KnowBe4, a security awareness training and simulated phishing platform provider, launched a new tool designed to help IT managers combat CEO fraud, or Business Email Compromise (BEC) as it is referred to by the FBI.
CEO fraud is considered to be one of the fastest-growing social engineering schemes being used by cybercriminals and is expected to cost the economy over $3 billion in 2016, which far outweighs the $1 billion in expected costs associated with ransomware.
KnowBe4’s tool, called Phishing Reply Tracking, tests if users will interact with hackers on the other end of a phishing email.
“CEO fraud is harder to detect than a simple phish, as the emails used in these attacks bypass antivirus because they contain no malware,” Stu Sjouwerman, KnowBe4 CEO, said in a statement.
“Email is the number one attack vector avenue of entry into the enterprise. Once inside, cybercriminals can monitor the financial connections and interactions within the company. While they study the key individuals and protocols necessary to perform wire transfers in their target, they learn how to spring a convincing attack, posing as a company executive or an accounting executive,” Sjouwerman continued.
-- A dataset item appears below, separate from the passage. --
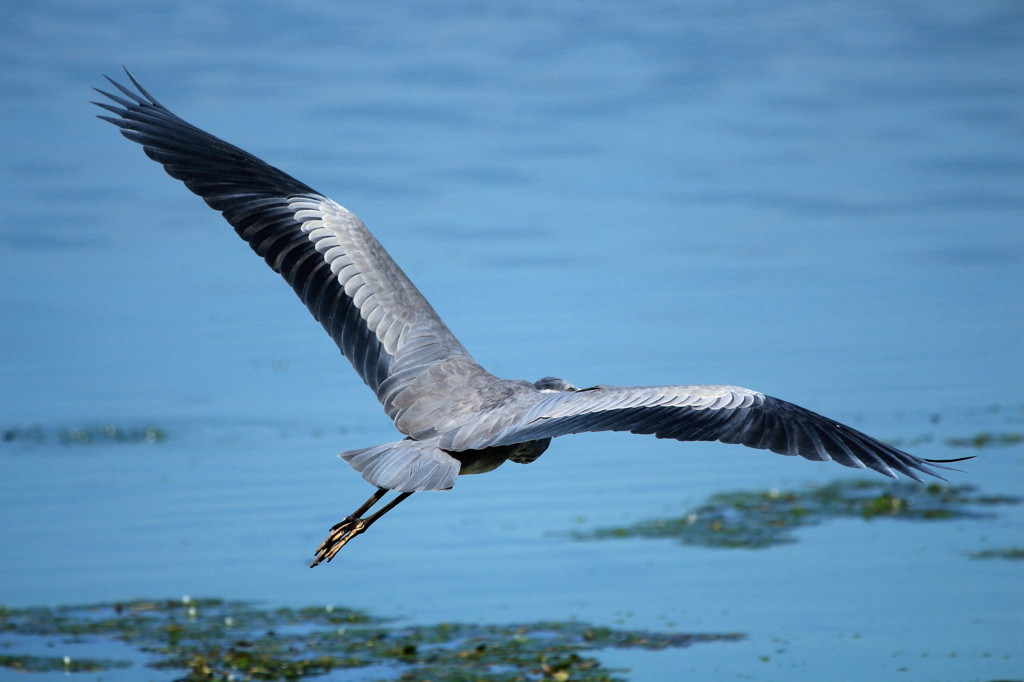 今日のアオサギ　１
Phishing Reply Tracking helps provide employees with the security awareness training they need to better detect the red flags that can be associated with phishing emails. The phishing tool uses simulated attacks to test users and tracks how they reply. Those replies are then recorded and made available for IT managers to download and review if needed.
Sjouwerman added: “This is an important addition to your security awareness training plan that will help you inoculate users against Business Email Compromise, or CEO fraud. What happens if your users receive an email from a cybercriminal pretending to be your CEO requesting an urgent wire transfer? Will the employee reply back to question the sender for more details or, worse, simply confirm that they completed the transfer? Most companies cannot afford to take that risk.”